No hay para tanto, por supuesto. Zabalza trabaja, como siempre, bajo mínimos presupuestarios y recicla parte del metraje y la banda musical de La marca del hombre lobo / Die Vampire des Dr. Dracula (Enrique López Eguiluz, 1968), sin preocuparse de continuidades ni nada que se le parezca. Si a eso añadimos la para nada cuidada amputación de los desnudos destinados a la doble versión la sensación de estar viendo un largo tráiler de la película, es completa. Hay que decir en su descargo que Naschy se muestra como guionista generoso hasta el derroche: monjes tibetanos, científicos nazis, hippies reducidos a un estado vegetativo gracias a la utilización de “quimitrodos”, electrocuciones, villanos enmascarados, armaduras que de pronto cobran vida, flagelaciones, mujeres-lobo, dentelladas a diestro y siniestro, desenterradores de cadáveres, adulterios inducidos mediante ondas...
Toda la artillería de la literatura pulp se despliega en la historia del regreso a Kirchemburg del doctor Waldemar Daninsky (Naschy), tras una expedición al Tibet en la que ha sido atacado por un hombre lobo. Una especie de lama le ha entregado un cofrecito donde hallará la solución a su mal y que sólo debe abrir en el caso de que el temido pentágono aparezca en su pecho. Un anónimo le advertirá de que su amada esposa le está coronando con uno de sus alumnos y Waldemar, convertido en hombre lobo, acabará con la vida de ambos para luego autoelectrocutarse. En realidad, sólo puede morir a manos de otro lobisome o atravesado por una bala de plata en los brazos de una mujer que le ame tanto como para sacrificar su vida por él. Candidatas no faltan; entre ellas la bella doctora Ilona Hellmann (Perla Cristal) y su no menos bella ayudante, la dulce Karin (Verónica Luján), que trabajan en un proyecto para la dominar la mente humana. En los sótanos de su mansión, una pandilla de hippies mutantes en vegetales dan fe de la envergadura de sus experimentos. Ilona, que otrora fuera amante de Daninsky, lo desentierra y lo somete a sus experimentos, flagelándolo y entregándose a él, para experimentar con su doble condición de hombre y bestia. Mientras tanto, la policía y el novio de Karin , que es periodista (Miguel de la Riva y José Marco), investigan los crímenes... La trama sigue su curso, llena de giros inesperados -por inconsecuentes, todo hay que decirlo- pero no deja fuera nada de lo que el póster promete. Además, la argentina Perla Cristal se muestra como una digna contrincante de Paul Naschy.

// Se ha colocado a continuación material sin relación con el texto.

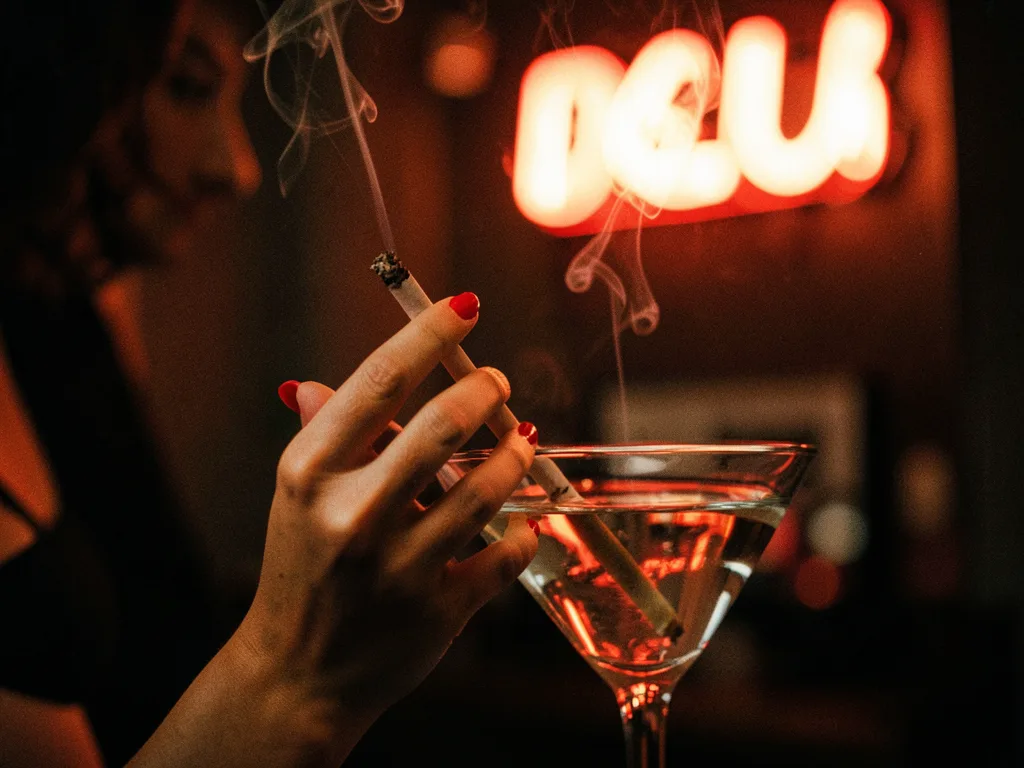 Lille — illustration éditoriale 1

Ebriedad existencial del director, ebriedad narcisista del insólito galán, ebriedad creadora del guionista, ebriedad de un conjunto que desaprovecha totalmente la pantalla ancha y orquesta los materiales heterogéneos que componen la película sin ton ni son. Ebriedad consustancial, por tanto, pero... ¿acaso no dijo el adolescente zamorano Claudio Rodríguez, que la ebriedad es un don?